Aujourd’hui encore, il lutte contre ceux qui ont ten­dance à consi­dérer les chré­tiens pales­ti­niens comme des « nou­veaux croisés », des « étrangers sur leur propre terre ». Mais il cherche aussi à faire com­prendre à ses core­li­gion­naires que leur force, « c’est la citoyenneté ». « Ils ont peur, dit-​​il, mais ils ne sont pas persécutés. »

On le devine en conflit parfois avec sa hié­rarchie, à Jéru­salem et à Rome. « Le pape est venu chez nous en Terre sainte d’abord en chef d’État, et ensuite seulement en porte-​​parole du Christ.

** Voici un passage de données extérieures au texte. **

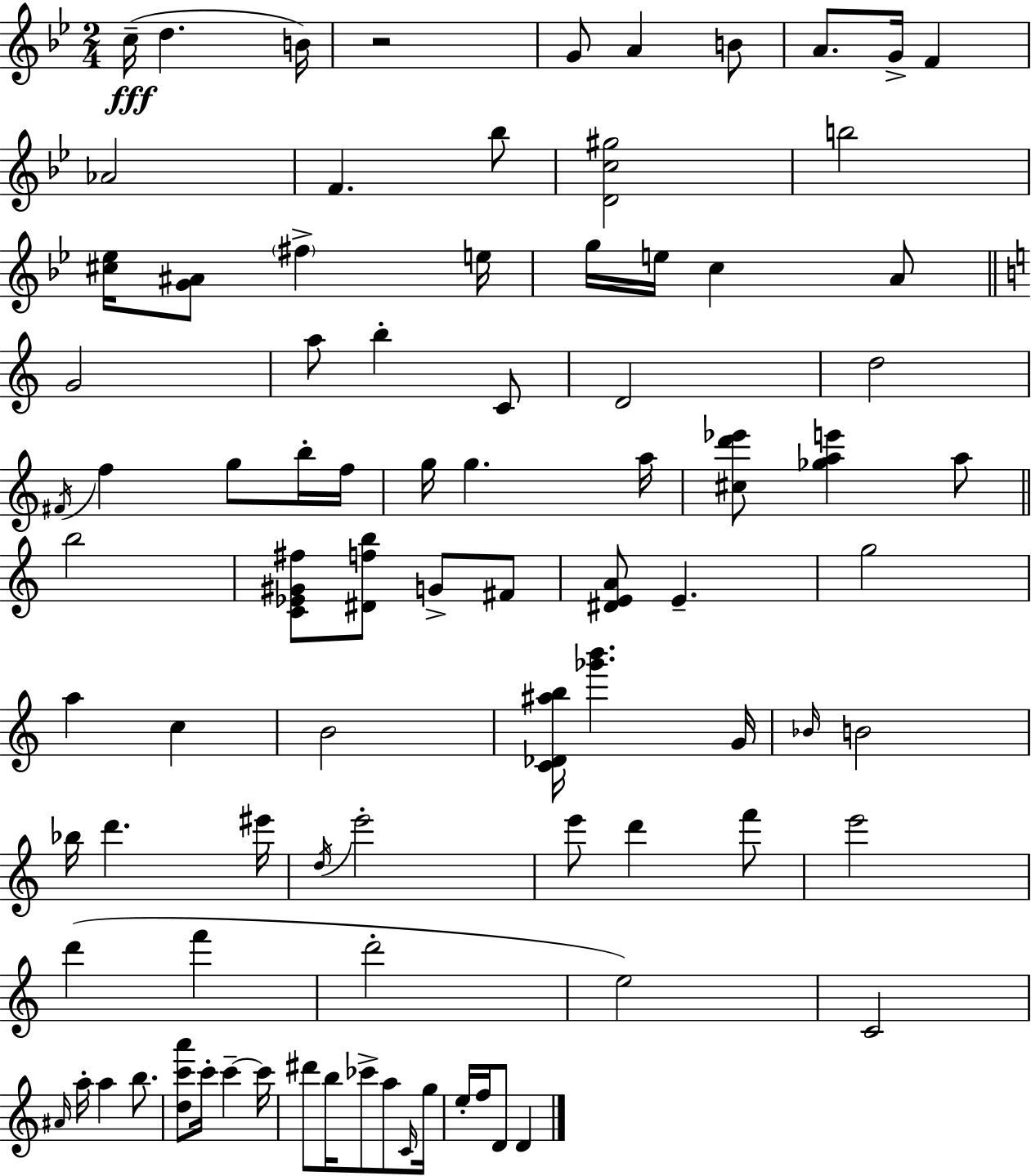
X:1
T:Untitled
M:2/4
L:1/4
K:Bb
c/4 d B/4 z2 G/2 A B/2 A/2 G/4 F _A2 F _b/2 [Dc^g]2 b2 [^c_e]/4 [G^A]/2 ^f e/4 g/4 e/4 c A/2 G2 a/2 b C/2 D2 d2 ^F/4 f g/2 b/4 f/4 g/4 g a/4 [^cd'_e']/2 [_gae'] a/2 b2 [C_E^G^f]/2 [^Dfb]/2 G/2 ^F/2 [^DEA]/2 E g2 a c B2 [C_D^ab]/4 [_g'b'] G/4 _B/4 B2 _b/4 d' ^e'/4 d/4 e'2 e'/2 d' f'/2 e'2 d' f' d'2 e2 C2 ^A/4 a/4 a b/2 [dc'a']/2 c'/4 c' c'/4 ^d'/2 b/4 _c'/2 a/2 C/4 g/4 e/4 f/4 D/2 D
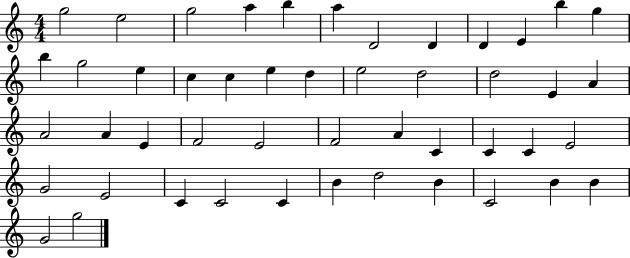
G5/h E5/h G5/h A5/q B5/q A5/q D4/h D4/q D4/q E4/q B5/q G5/q B5/q G5/h E5/q C5/q C5/q E5/q D5/q E5/h D5/h D5/h E4/q A4/q A4/h A4/q E4/q F4/h E4/h F4/h A4/q C4/q C4/q C4/q E4/h G4/h E4/h C4/q C4/h C4/q B4/q D5/h B4/q C4/h B4/q B4/q G4/h G5/h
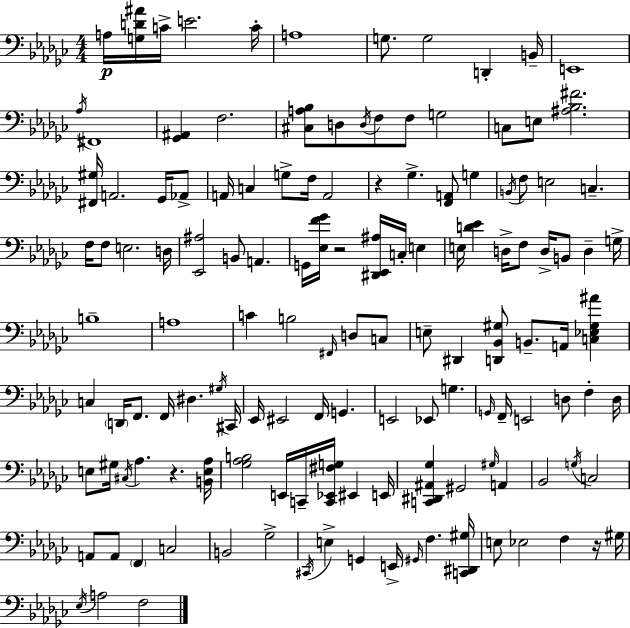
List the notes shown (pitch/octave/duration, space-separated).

A3/s [G3,D4,A#4]/s C4/s E4/h. C4/s A3/w G3/e. G3/h D2/q B2/s E2/w Ab3/s F#2/w [Gb2,A#2]/q F3/h. [C#3,A3,Bb3]/e D3/e D3/s F3/e F3/e G3/h C3/e E3/e [A#3,Bb3,F#4]/h. [F#2,G#3]/s A2/h. Gb2/s Ab2/e A2/s C3/q G3/e F3/s A2/h R/q Gb3/q. [F2,A2]/e G3/q B2/s F3/e E3/h C3/q. F3/s F3/e E3/h. D3/s [Eb2,A#3]/h B2/e A2/q. G2/s [Eb3,F4,Gb4]/s R/h [D#2,Eb2,A#3]/s C3/s E3/q E3/s [D4,Eb4]/q D3/s F3/e D3/s B2/e D3/q G3/s B3/w A3/w C4/q B3/h F#2/s D3/e C3/e E3/e D#2/q [D2,Bb2,G#3]/e B2/e. A2/s [C3,Eb3,G#3,A#4]/q C3/q D2/s F2/e. F2/s D#3/q. G#3/s C#2/s Eb2/s EIS2/h F2/s G2/q. E2/h Eb2/e G3/q. G2/s F2/s E2/h D3/e F3/q D3/s E3/e G#3/s C#3/s Ab3/q. R/q. [B2,E3,Ab3]/s [Gb3,Ab3,B3]/h E2/s C2/s [C2,Eb2,F#3,G3]/s EIS2/q E2/s [C2,D#2,A#2,Gb3]/q G#2/h G#3/s A2/q Bb2/h G3/s C3/h A2/e A2/e F2/q C3/h B2/h Gb3/h C#2/s E3/q G2/q E2/s G#2/s F3/q. [C2,D#2,G#3]/s E3/e Eb3/h F3/q R/s G#3/s Eb3/s A3/h F3/h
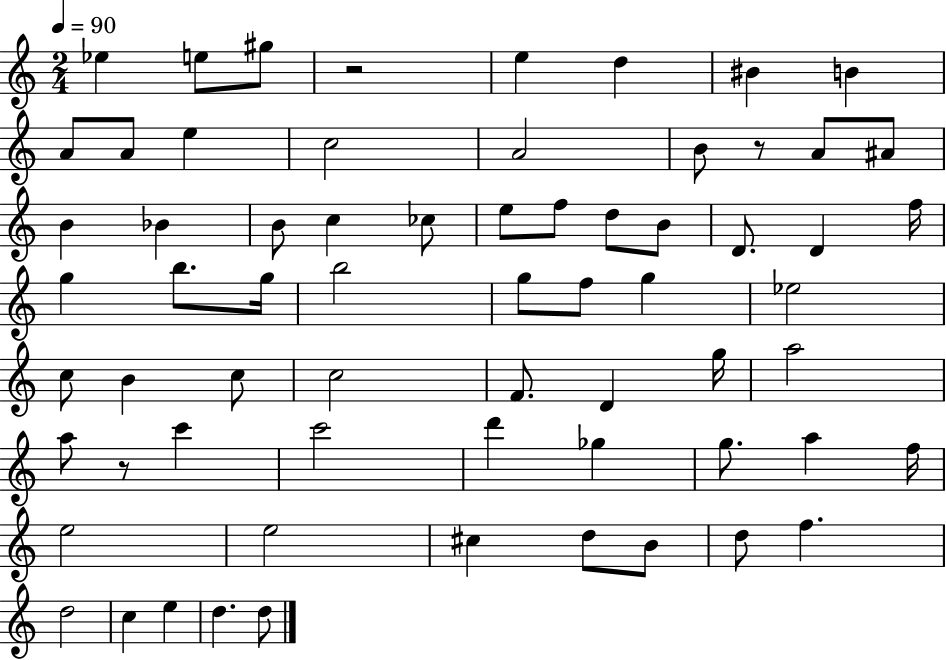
{
  \clef treble
  \numericTimeSignature
  \time 2/4
  \key c \major
  \tempo 4 = 90
  ees''4 e''8 gis''8 | r2 | e''4 d''4 | bis'4 b'4 | \break a'8 a'8 e''4 | c''2 | a'2 | b'8 r8 a'8 ais'8 | \break b'4 bes'4 | b'8 c''4 ces''8 | e''8 f''8 d''8 b'8 | d'8. d'4 f''16 | \break g''4 b''8. g''16 | b''2 | g''8 f''8 g''4 | ees''2 | \break c''8 b'4 c''8 | c''2 | f'8. d'4 g''16 | a''2 | \break a''8 r8 c'''4 | c'''2 | d'''4 ges''4 | g''8. a''4 f''16 | \break e''2 | e''2 | cis''4 d''8 b'8 | d''8 f''4. | \break d''2 | c''4 e''4 | d''4. d''8 | \bar "|."
}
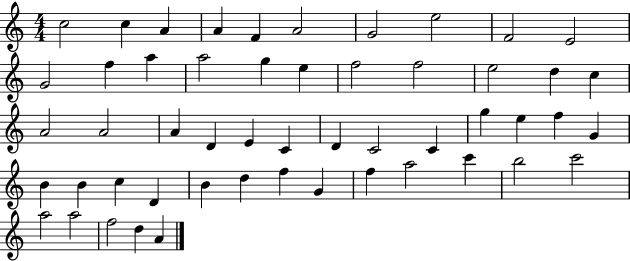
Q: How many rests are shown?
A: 0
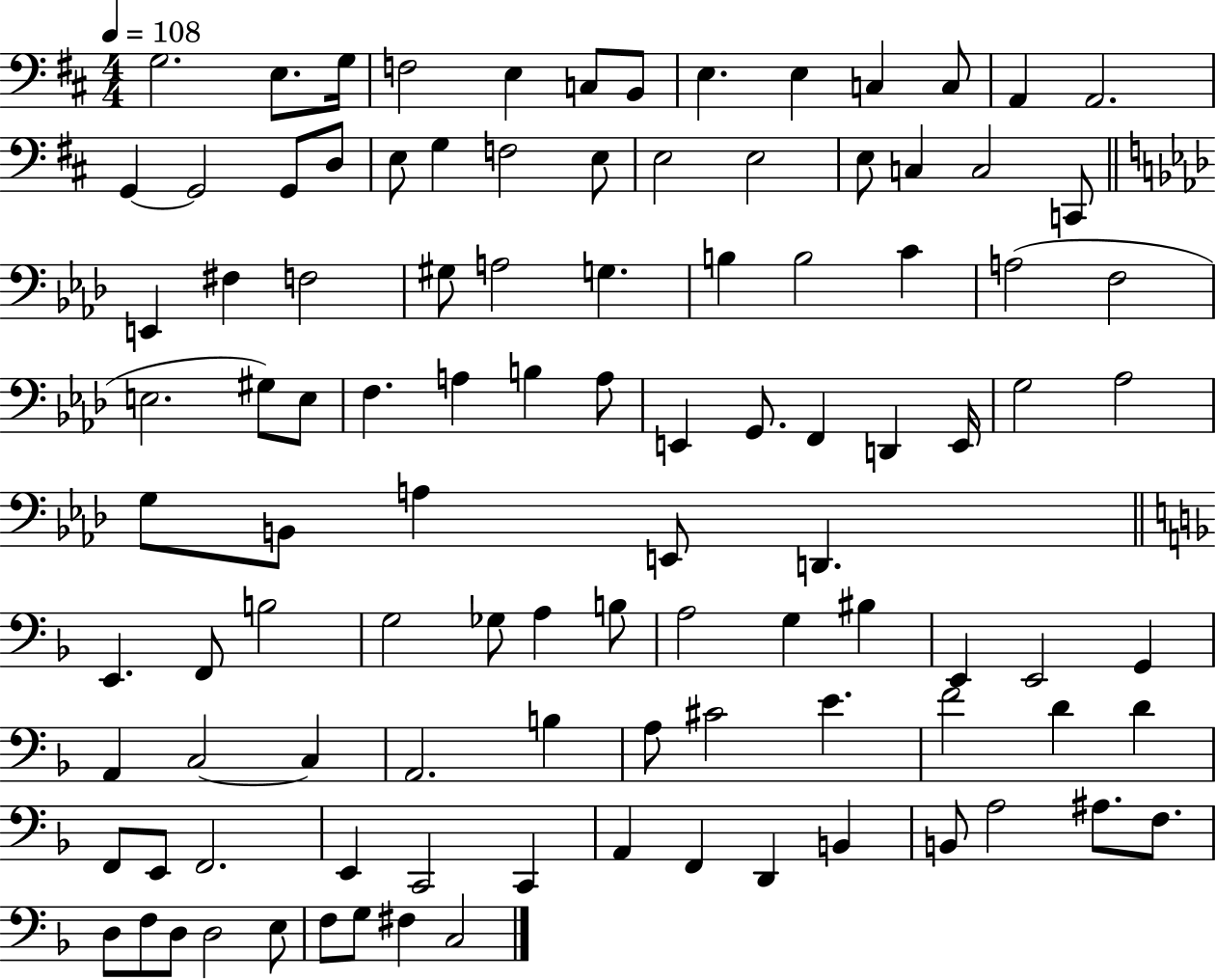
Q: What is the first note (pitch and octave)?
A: G3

Ce devrait être l’inverse », regrette le père Manuel. « Un homme libre, qui annonce à temps et à contre­temps, la position de son église, et à travers elle, le message de paix et de justice de l’Évangile », selon Jean-​​Claude Petit.

L’échec de la paix avec Israël, les divi­sions pales­ti­niennes, le blocus de Gaza imposé par l’État hébreu ? Les ressacs de l’Histoire le désolent. La poli­tique coule dans les veines de ce déraciné, membre du dépar­tement « Monde chrétien » au sein de l’OLP. Mais Abouna Manuel se méfie du pouvoir. Le Hamas voulait le nommer ministre. Il a refusé. Le Fatah tenait à le pré­senter aux élec­tions légis­la­tives. Il a dit non. « Il n’est pas question un seul instant de laisser mon Christ pour suivre Ismail Hanyeh ou Mahmoud Abbas », jure-​​t-​​il.

[1] « Curé à Gaza ». Manuel Mous­sallam (entre­tiens avec Jean-​​​​Claude Petit). L’aube. (200 pages-​​​​18 euros).